INFORMATION PROVIDED:

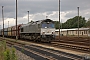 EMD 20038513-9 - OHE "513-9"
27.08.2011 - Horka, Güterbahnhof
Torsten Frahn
* * *
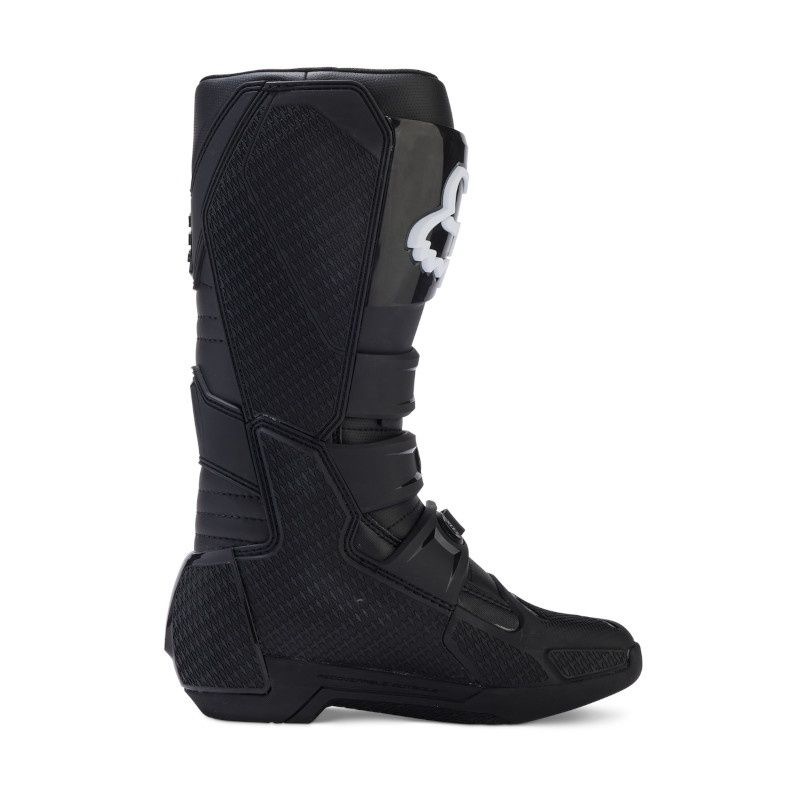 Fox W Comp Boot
==
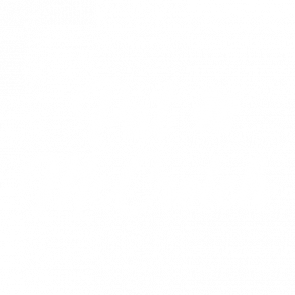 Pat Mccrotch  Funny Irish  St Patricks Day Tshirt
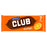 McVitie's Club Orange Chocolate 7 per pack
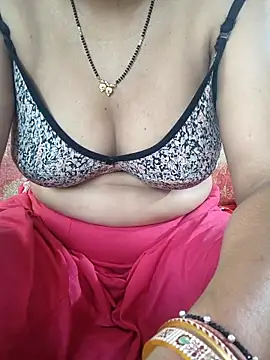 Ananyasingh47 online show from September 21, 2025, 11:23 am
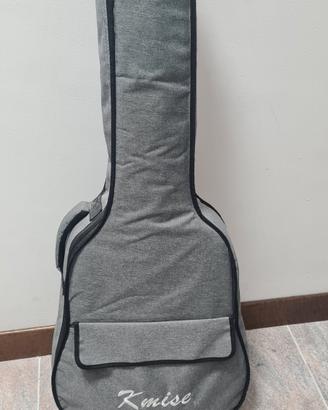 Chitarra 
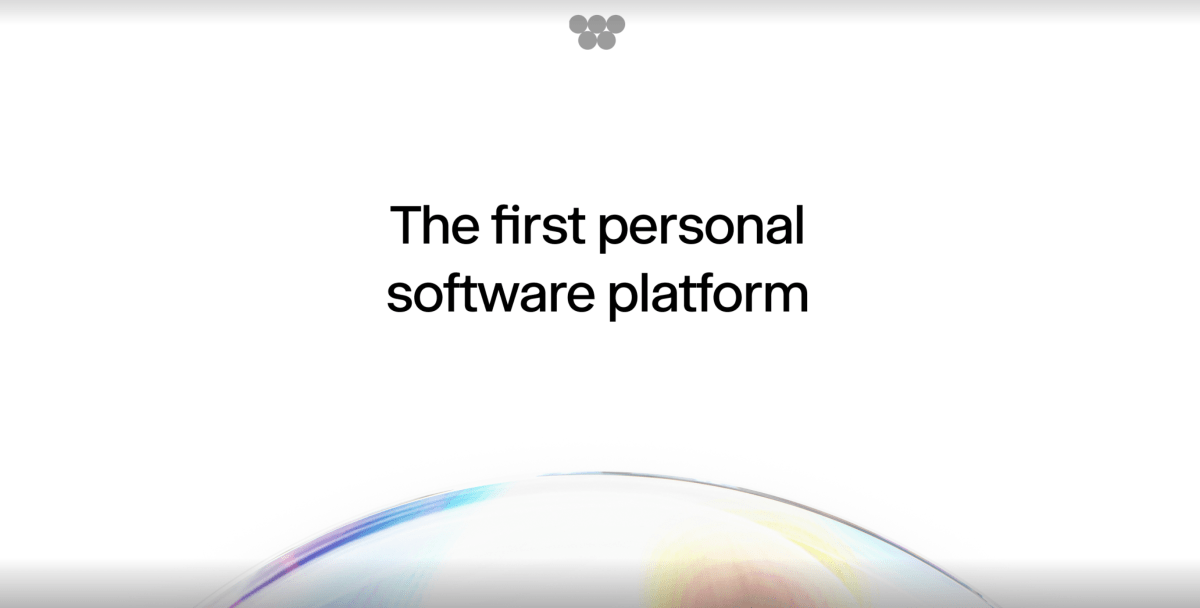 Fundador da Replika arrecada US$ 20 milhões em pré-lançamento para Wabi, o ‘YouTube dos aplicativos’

PROBLEM DESCRIPTION: Everything above from the line containing "Ananyasingh47 online show" through the line containing "Fundador da Replika" must be repeated exactly, and the pictures must be left out.

RESULT:
 Ananyasingh47 online show from September 21, 2025, 11:23 am
 Chitarra 
 Fundador da Replika arrecada US$ 20 milhões em pré-lançamento para Wabi, o ‘YouTube dos aplicativos’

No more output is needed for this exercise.